### [SOURCE MATERIAL]
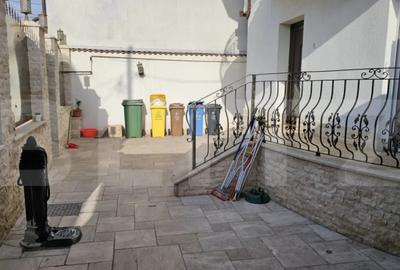 Casă cu 7 camere în Central - 13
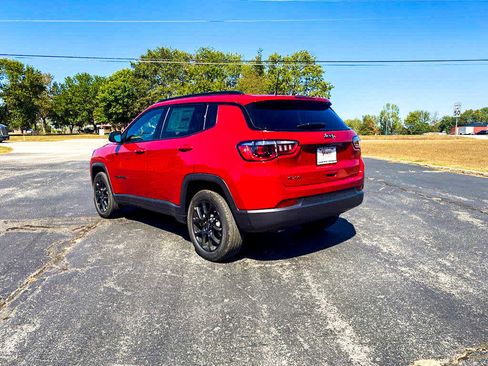 New 2025 Jeep Compass Latitude w/ Altitude Special Edition image 5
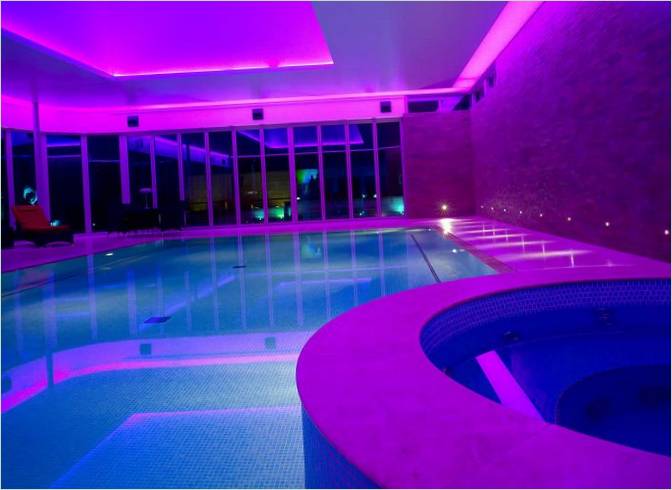 Lujosa piscina de hotel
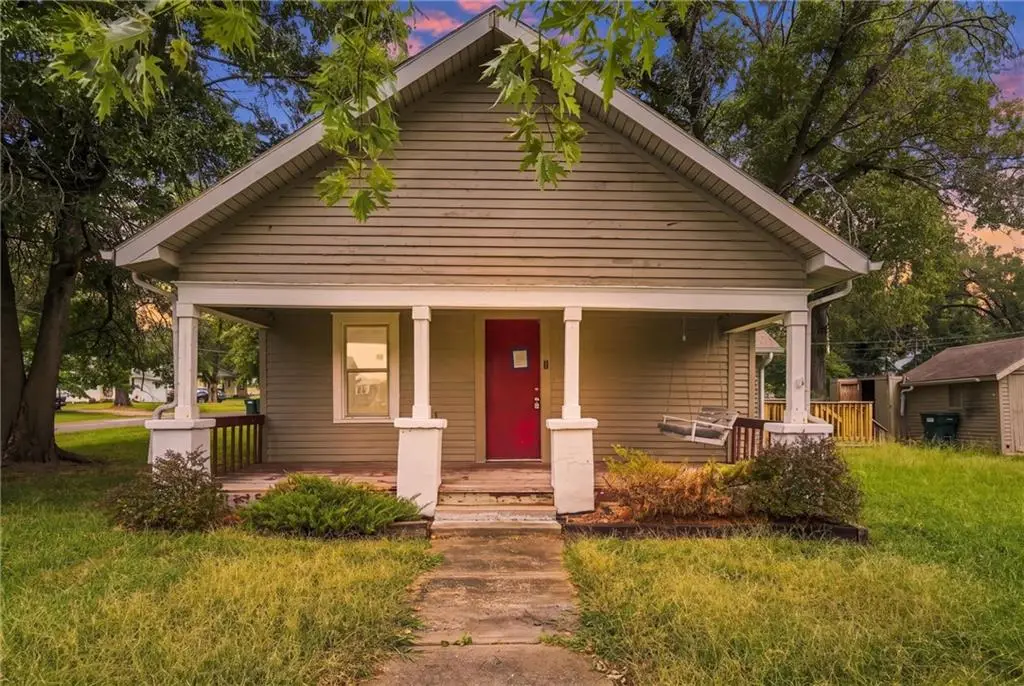 306 W Walnut Street, Archie, MO 64725 - #1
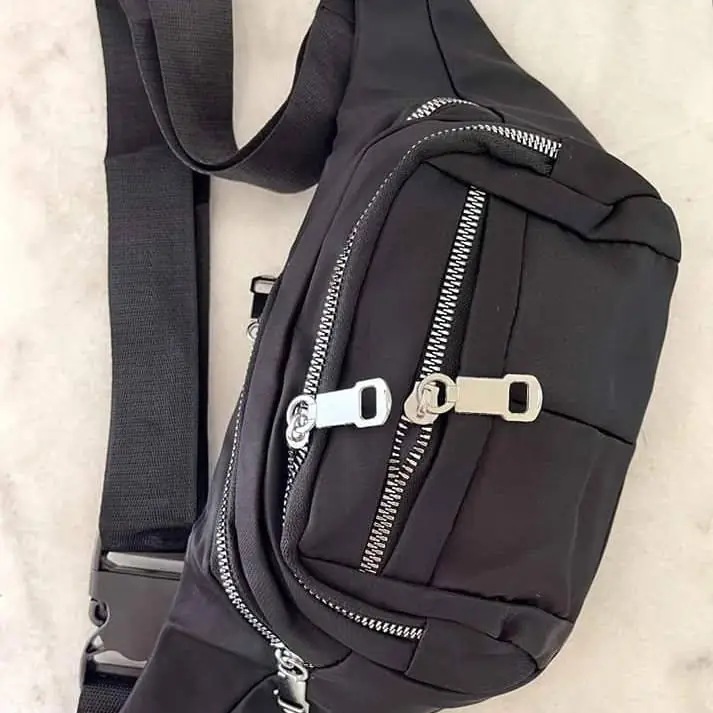 Hermosas Riñoneras impermeables 2400 Tengo más variedad chicas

### [WHAT THE TASK REQUIRES]
Transcribe all of the listing precisely. The images stay out of it.

### [ANSWER SECTION]
 Casă cu 7 camere în Central - 13
 New 2025 Jeep Compass Latitude w/ Altitude Special Edition image 5
 Lujosa piscina de hotel
 306 W Walnut Street, Archie, MO 64725 - #1
 Hermosas Riñoneras impermeables 2400 Tengo más variedad chicas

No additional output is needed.